___ MATERIAL FOR THIS TASK

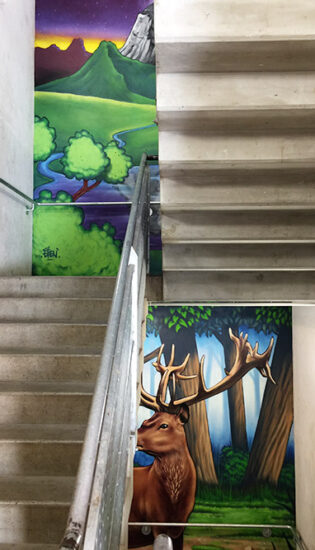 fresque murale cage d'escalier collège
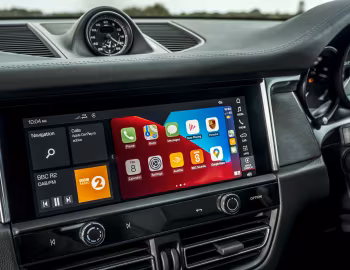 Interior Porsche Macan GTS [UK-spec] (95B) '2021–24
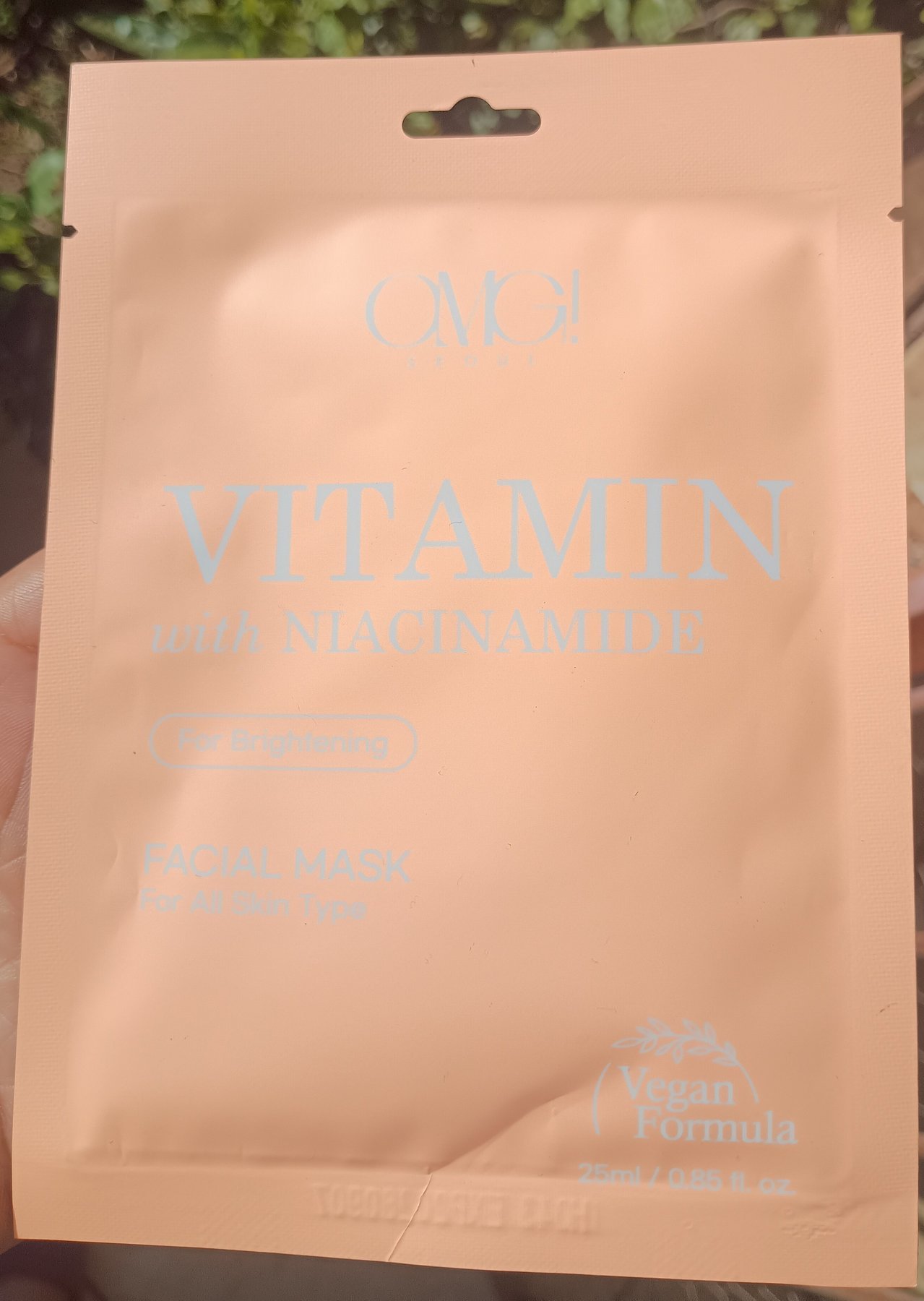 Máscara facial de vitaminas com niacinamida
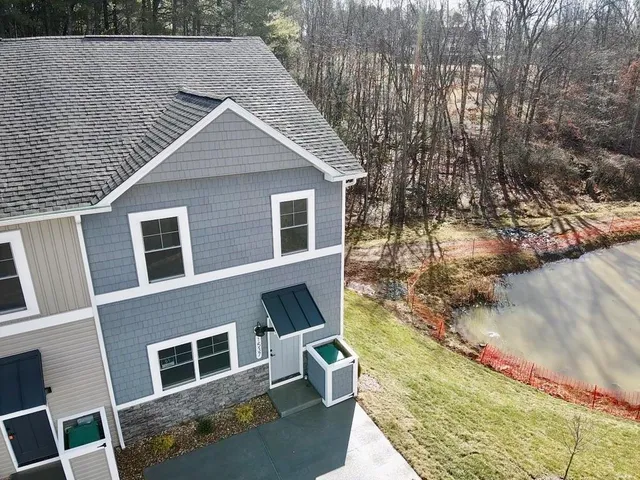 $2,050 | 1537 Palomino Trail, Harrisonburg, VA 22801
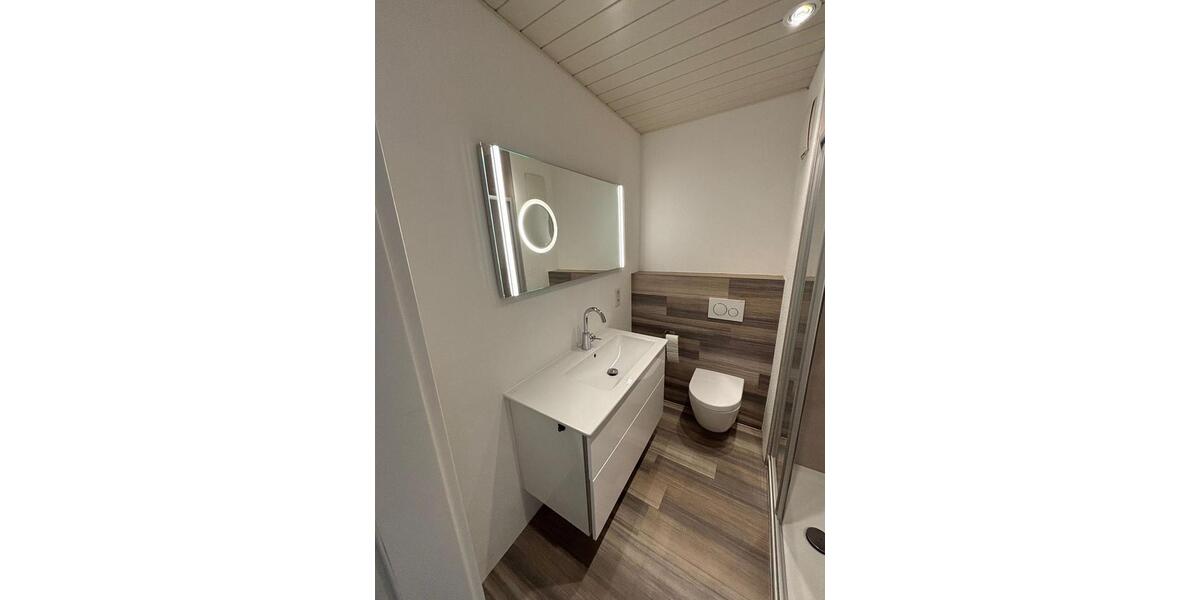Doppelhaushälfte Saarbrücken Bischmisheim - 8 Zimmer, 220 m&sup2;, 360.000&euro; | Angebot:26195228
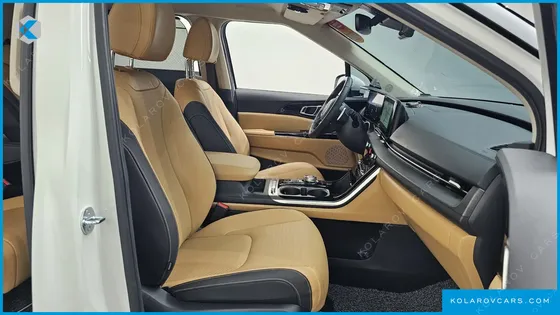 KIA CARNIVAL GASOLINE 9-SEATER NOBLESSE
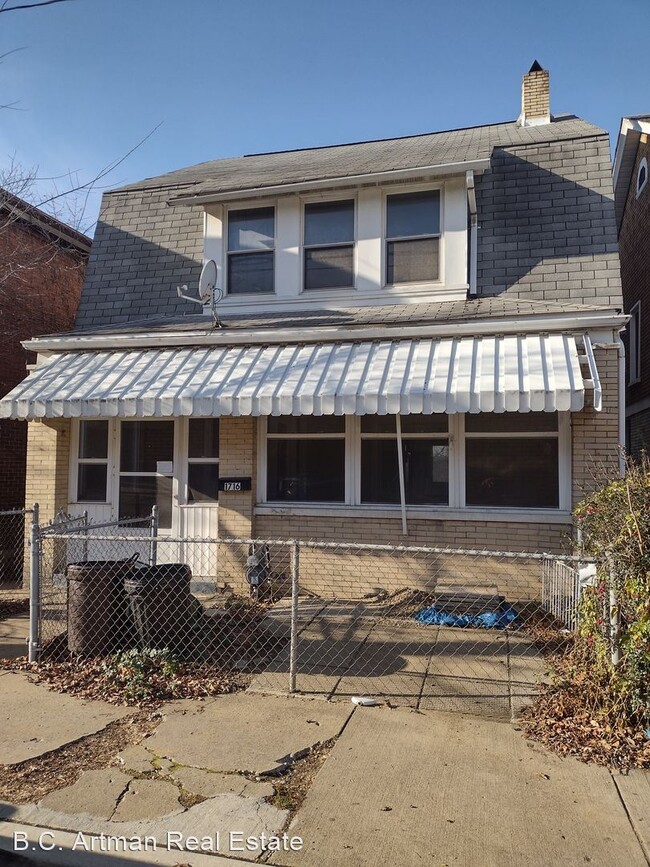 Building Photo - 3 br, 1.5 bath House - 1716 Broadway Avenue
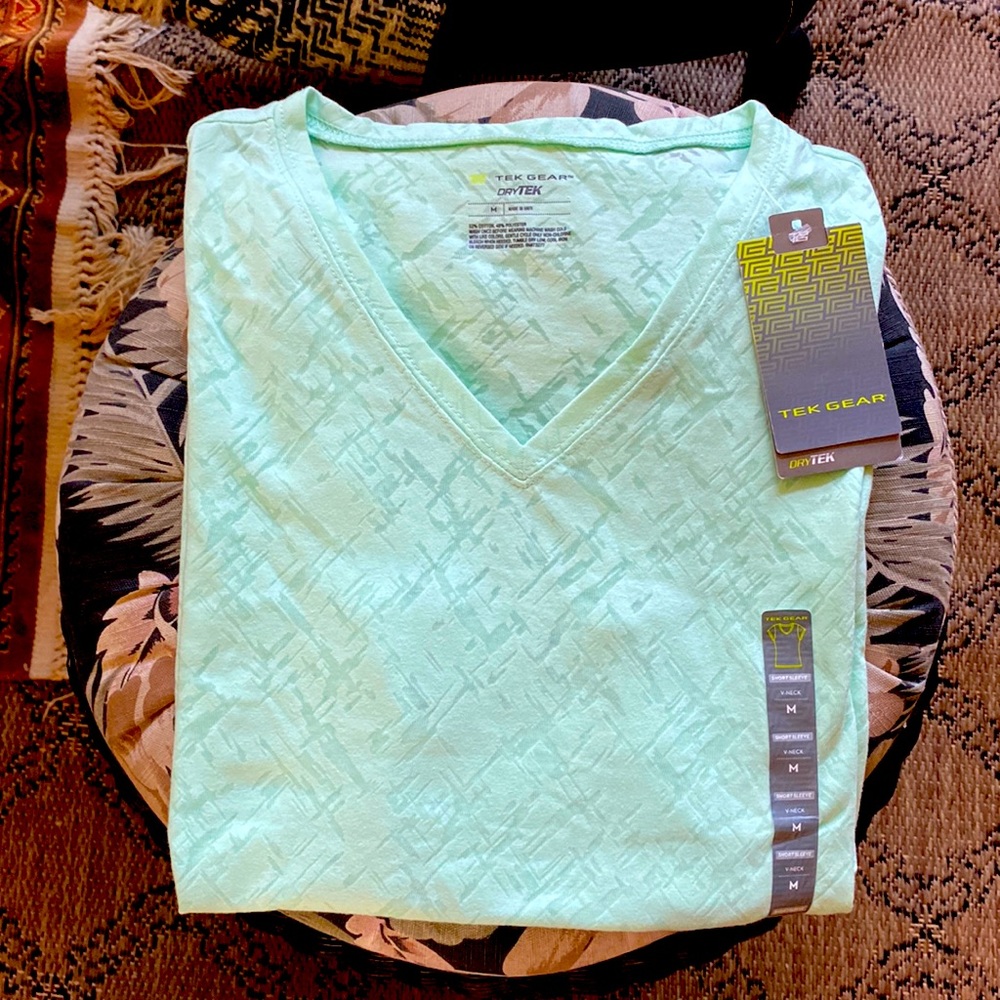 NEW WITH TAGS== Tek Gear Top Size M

______

▶ [INSTRUCTIONS TO FOLLOW] Output all of the records word for word, and keep the pictures out of the copy.

▶ [REPLY]
 fresque murale cage d'escalier collège
 Interior Porsche Macan GTS [UK-spec] (95B) '2021–24
 Máscara facial de vitaminas com niacinamida
 $2,050 | 1537 Palomino Trail, Harrisonburg, VA 22801
Doppelhaushälfte Saarbrücken Bischmisheim - 8 Zimmer, 220 m&sup2;, 360.000&euro; | Angebot:26195228
 KIA CARNIVAL GASOLINE 9-SEATER NOBLESSE
 Building Photo - 3 br, 1.5 bath House - 1716 Broadway Avenue
 NEW WITH TAGS== Tek Gear Top Size M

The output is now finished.